2 - L’exonération accrue des promesses électorales, pour adapter l’exécutif à la mondialisation. Ce processus de « destruction créatrice » (Schumpeter) doit être, à long terme, un jeu à somme positive. Il réserve des crises, des adaptations brutales à court terme que le politique doit prendre en charge et expliquer à la population.

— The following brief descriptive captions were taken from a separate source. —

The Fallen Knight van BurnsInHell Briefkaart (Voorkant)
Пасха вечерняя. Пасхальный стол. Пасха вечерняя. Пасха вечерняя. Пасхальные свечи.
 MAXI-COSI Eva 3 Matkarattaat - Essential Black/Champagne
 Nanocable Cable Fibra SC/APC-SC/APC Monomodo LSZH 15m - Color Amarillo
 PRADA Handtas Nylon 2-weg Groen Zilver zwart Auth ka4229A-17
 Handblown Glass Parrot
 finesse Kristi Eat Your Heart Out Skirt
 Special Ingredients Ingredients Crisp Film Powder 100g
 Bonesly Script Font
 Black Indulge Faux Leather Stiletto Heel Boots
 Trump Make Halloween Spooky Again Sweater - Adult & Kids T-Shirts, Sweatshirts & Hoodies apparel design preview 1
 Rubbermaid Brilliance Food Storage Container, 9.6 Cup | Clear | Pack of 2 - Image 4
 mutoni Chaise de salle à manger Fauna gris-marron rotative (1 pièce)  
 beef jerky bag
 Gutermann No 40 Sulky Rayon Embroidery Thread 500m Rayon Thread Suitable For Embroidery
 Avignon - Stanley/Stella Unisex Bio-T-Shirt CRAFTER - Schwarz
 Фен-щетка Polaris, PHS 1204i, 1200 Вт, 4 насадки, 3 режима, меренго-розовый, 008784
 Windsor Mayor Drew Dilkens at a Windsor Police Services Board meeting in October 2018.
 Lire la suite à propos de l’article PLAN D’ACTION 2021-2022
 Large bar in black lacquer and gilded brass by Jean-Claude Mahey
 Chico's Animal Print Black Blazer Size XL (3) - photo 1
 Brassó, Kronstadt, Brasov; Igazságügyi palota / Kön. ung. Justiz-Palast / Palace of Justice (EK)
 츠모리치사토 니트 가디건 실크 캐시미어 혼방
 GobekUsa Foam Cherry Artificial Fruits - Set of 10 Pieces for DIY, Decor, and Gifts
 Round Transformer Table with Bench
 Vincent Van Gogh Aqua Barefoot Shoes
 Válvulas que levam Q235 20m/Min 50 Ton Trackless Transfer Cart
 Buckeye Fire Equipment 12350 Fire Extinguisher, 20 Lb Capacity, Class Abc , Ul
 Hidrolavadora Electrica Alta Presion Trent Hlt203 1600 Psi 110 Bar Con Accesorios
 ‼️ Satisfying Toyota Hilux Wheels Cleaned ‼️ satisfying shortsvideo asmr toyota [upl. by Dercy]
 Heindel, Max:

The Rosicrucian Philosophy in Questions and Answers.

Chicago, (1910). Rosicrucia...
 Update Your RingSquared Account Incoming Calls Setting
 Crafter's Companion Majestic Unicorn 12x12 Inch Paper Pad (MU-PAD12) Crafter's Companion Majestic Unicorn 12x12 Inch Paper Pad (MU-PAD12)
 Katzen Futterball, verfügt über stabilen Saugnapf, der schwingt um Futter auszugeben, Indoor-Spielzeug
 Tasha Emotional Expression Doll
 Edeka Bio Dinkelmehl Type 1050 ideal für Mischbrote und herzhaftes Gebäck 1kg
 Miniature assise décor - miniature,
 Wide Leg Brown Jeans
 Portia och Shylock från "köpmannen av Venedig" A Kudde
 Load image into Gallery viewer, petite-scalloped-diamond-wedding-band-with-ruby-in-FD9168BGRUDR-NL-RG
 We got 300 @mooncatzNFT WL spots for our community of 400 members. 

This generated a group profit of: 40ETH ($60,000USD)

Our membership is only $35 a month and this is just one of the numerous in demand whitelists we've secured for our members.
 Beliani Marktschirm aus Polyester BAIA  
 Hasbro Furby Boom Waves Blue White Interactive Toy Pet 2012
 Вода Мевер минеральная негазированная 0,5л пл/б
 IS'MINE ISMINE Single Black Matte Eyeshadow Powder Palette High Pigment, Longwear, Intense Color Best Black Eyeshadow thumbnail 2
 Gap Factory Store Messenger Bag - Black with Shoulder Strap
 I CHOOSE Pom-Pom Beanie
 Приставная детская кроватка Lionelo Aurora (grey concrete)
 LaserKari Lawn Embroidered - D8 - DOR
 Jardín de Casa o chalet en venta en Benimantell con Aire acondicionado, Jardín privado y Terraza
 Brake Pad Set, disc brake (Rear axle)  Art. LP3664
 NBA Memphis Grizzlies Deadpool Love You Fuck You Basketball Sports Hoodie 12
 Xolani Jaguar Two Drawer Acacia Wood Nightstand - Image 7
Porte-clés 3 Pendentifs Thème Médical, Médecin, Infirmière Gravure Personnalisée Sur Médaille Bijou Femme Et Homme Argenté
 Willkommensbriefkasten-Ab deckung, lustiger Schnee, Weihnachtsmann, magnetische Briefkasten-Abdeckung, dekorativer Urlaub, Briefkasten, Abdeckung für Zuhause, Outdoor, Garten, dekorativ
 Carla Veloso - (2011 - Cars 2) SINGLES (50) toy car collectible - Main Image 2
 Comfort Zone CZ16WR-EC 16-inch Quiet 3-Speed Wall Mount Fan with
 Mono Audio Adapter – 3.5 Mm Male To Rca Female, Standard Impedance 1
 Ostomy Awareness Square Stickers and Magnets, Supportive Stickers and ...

3 - La corruption, insoutenable et combattue ; la rationalité des acteurs, la juste rétribution des politiques, le pluralisme du contrôle, les sanctions judiciaires font des démocraties les régimes les moins corrompus au monde. Raymond Aron notait d’ailleurs une convergence entre l’efficacité du libéralisme politique et celui du libre-échange régulé ; ils favorisent tous deux l’épanouissement individuel et la réduction des inégalités qui, hélas, redoublent en cas de crise.
4 - L’abstention électorale née d’un calcul, d’un rejet, d’une offre politique insuffisante. Elle tend à s’accroître à mesure qu’une démocratie est installée. L’abstention peut signifier le retrait citoyen ou une protestation électorale. L’inquiétude civile s’exprime aussi dans les mouvements sociaux (grèves, manifestations…).
5- Le dérèglement de la liberté d’expression et d’information, faute de contrôle des réseaux sociaux : propagation de fausses nouvelles, complotisme, expressions radicales, par exemple la méfiance anti-virus face au Covid-19. Au nom de la raison et de la stabilité du régime, il importe de forger une nouvelle régulation démocratique des médias.
6 - La faiblesse des corps intermédiaires (partis, syndicats, patronat, chambres de commerce, ordre des avocats, associations…), surtout en France, et celle du principe de subsidiarité, qui accentue la centralité d’un pouvoir mal adapté aux enjeux mondiaux.
Pourtant, les bienfaits du régime qui garantit les libertés fondamentales, la croissance et la répartition des richesses (justice redistributive), l’accès aux fins individuelles et collectives, la paix durable, devraient l’emporter sur les imperfections reprochées, les crises conjoncturelles, les luttes catégorielles, au nom de l’histoire commune.